The Forms are expected to require introductory information
First, the forms are anticipated to request identification of the type of filing. The type is designated by a series of boxes to be "checked." Management is given the option to "check" whether the report being filed is (a) an initial report, (b) to correct a prior report, (c) update a prior report, or (d) to report a new exempt entity. Interestingly, for reporting an otherwise exempt entity, the reporting company will indicate that it is exempt but no other lines are expected to be filed in the report. Finally, the date the report is prepared will be assigned automatically when the filer finalizes the report.
Part I of the Forms are expected to require key data about each entity, whether U.S. or Non-U.S.

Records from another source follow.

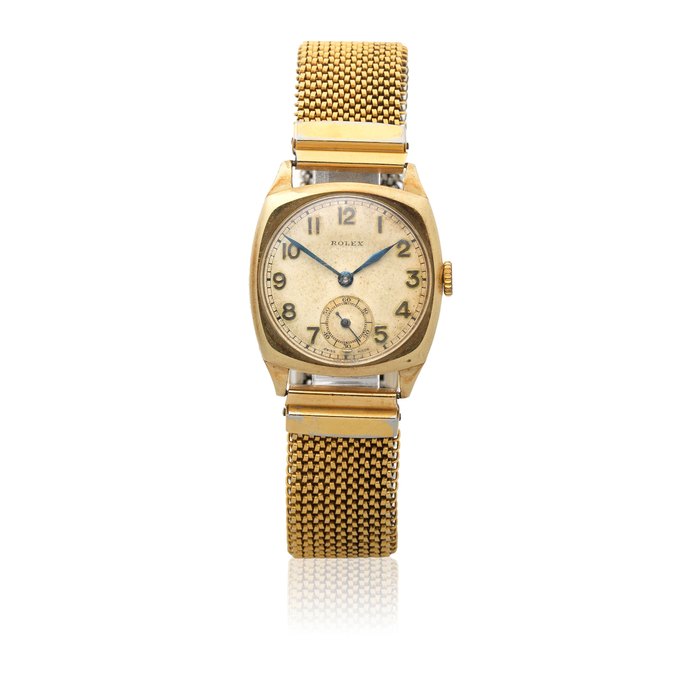 Rolex. A 9K gold manual wind cushion form bracelet watch Ref: 2988, Glasgow Import mark for 1936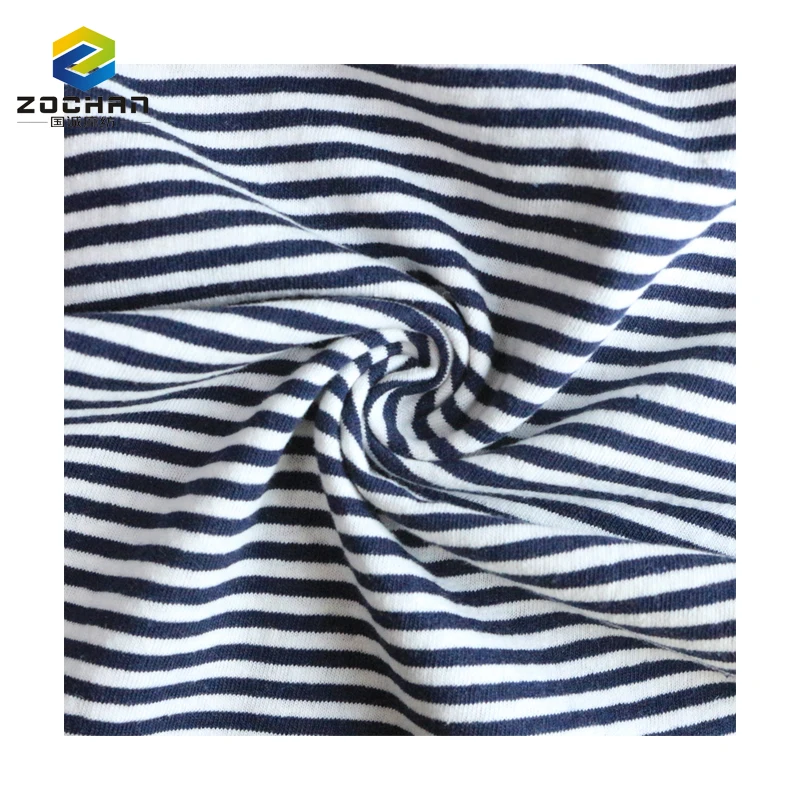 

free sample 55/45 organic linen organic cotton stripe jersey Abrasion-Resistant weft fabrics for Garment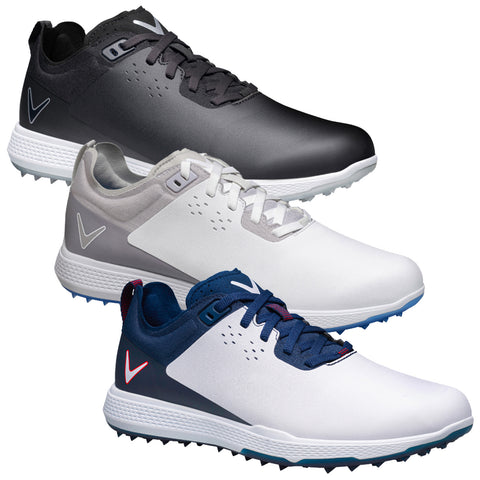 Three pairs of golf shoes are displayed side by side featuring varying colors of black gray and white each with a textured surface and spiked soles designed for traction on grass.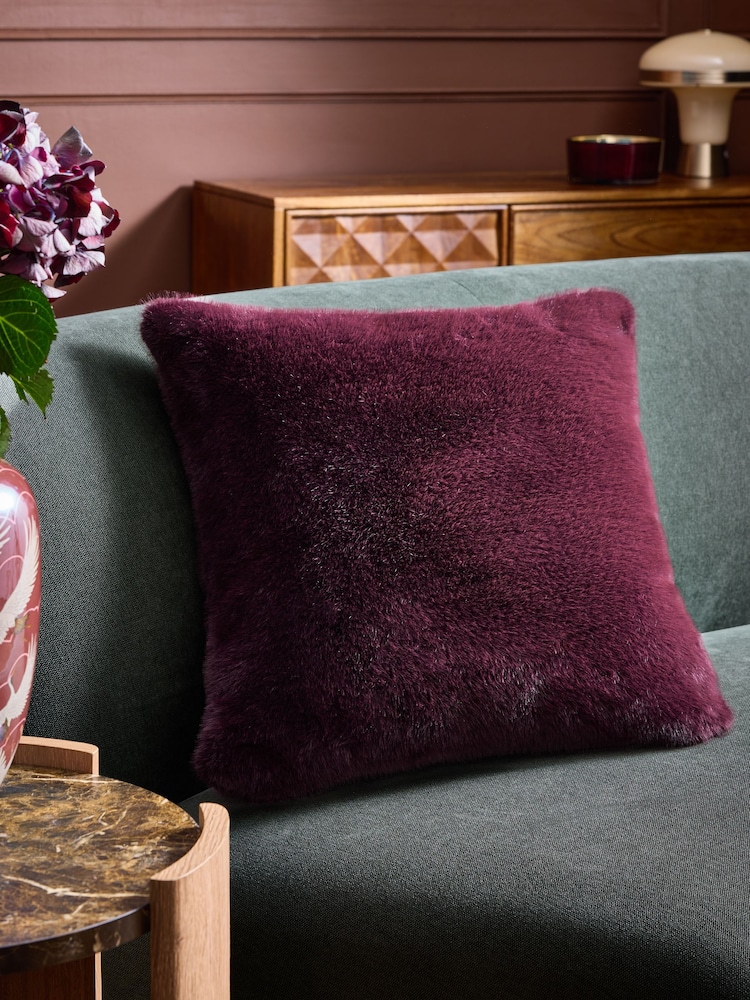 Plum Purple 50 x 50cm Luxe Plush Faux Fur Cushion - Image 1 of 4 Plum Purple 50 x 50cm Luxe Plush Faux Fur Cushion - Image 1 of 4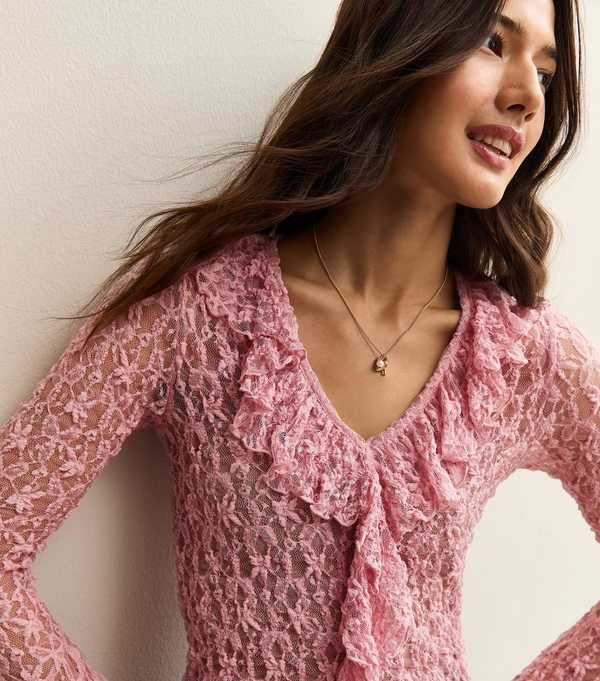 new look Pink Lace Ruffle Trimmed Long Sleeve Top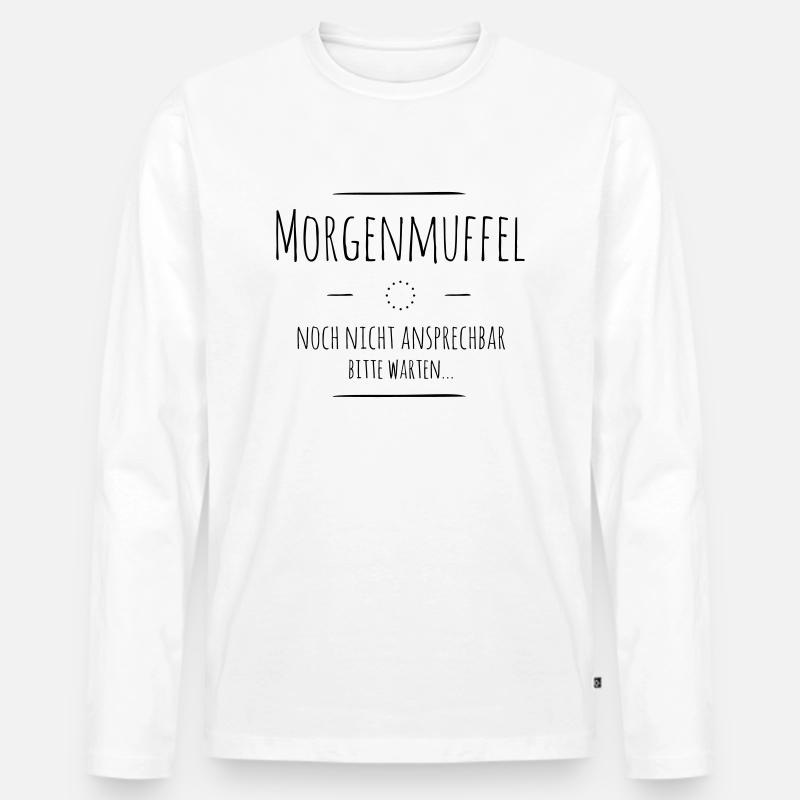 Morgenmuffel - Männer Premium Bio Langarmshirt - Weiß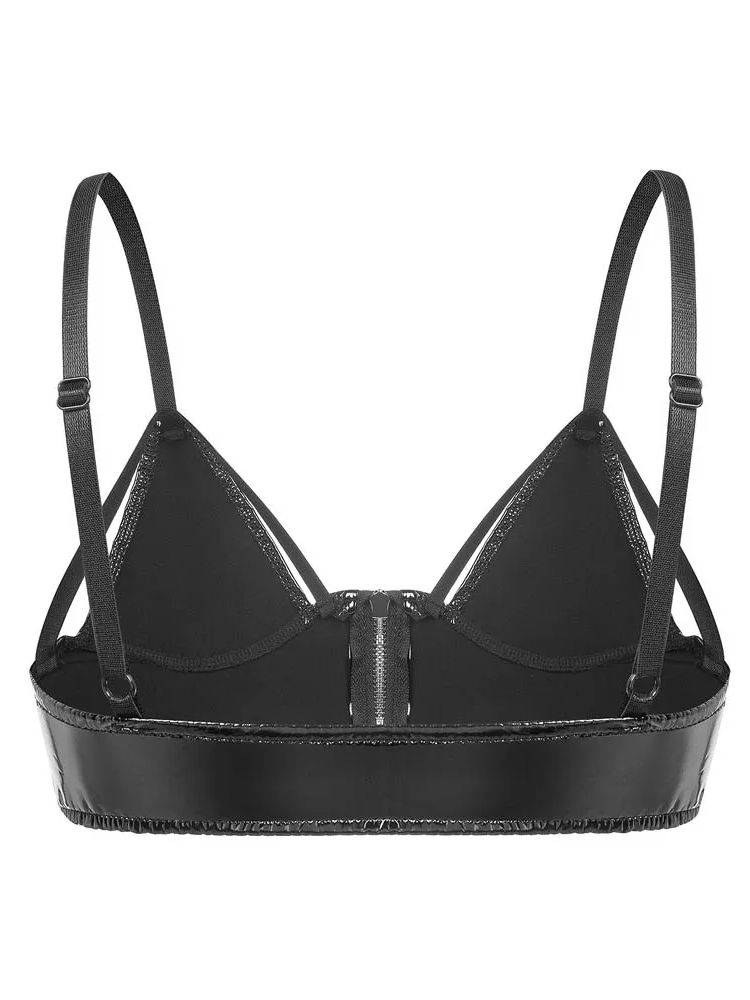 S-3Xl Spaghetti Strap Wet Look Pvc Bustier Crop Tops Shiny Pu Leather Croptop Camis Cropped Tight Sleeveless Shirt Sexy Tank Top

For U.S. and non-U.S. entities, the form will provide the opportunity for management to obtain a FinCEN Identifier. If a FinCEN Identifier was already obtained, one would expect that nothing further is necessary. However, if a FinCEN Identifier was not obtained for a given entity, then the form proceeds to key questions. FinCEN wants to know if the entity is a foreign pooled investment vehicle, and whether the entity was formed before January 1, 2024. Each filing, for U.S. and non-U.S. entities, is anticipated to require:
- The entity's legal name, as well as any trade names, "doing business as" (d/b/a), or "trading as" (t/a) names;
- The entity's tax identification type and number, which is understood to include either the company's employer identification number ("EIN"), or the disregarded owner's social security number ("SSN"), individual taxpayer identification number ("ITIN"), or foreign (non-U.S.) tax ID;
If a foreign tax ID is provided the country and jurisdiction issuing the foreign tax ID is requested;
- The jurisdiction of formation or first registration for the entity; and
- The entity's U.S. address.
For U.S. entities specifically, some U.S.-specific data is identified. FinCEN starts by recognizing that an entity can be established in a State or in a Tribal Jurisdiction and seeks to identify the applicable State or Tribe. In each case, the information requested about a U.S. entity includes:
- State of formation;
- Tribal Jurisdiction and name of Tribe of formation;
For non-U.S. entities some additional information is requested. Similarly, FinCEN recognizes that a foreign entity can be registered to do business in the United States by a State or Tribal Jurisdiction, and likewise seeks to identify said State and Tribe. In such case, the information requested about a non-U.S. entity includes:
- State of first registration to do business in the United States;
- Tribal Jurisdiction and name of Tribe of first registration to do business in the United States;
Part II of the form is expected to require information about the company applicant.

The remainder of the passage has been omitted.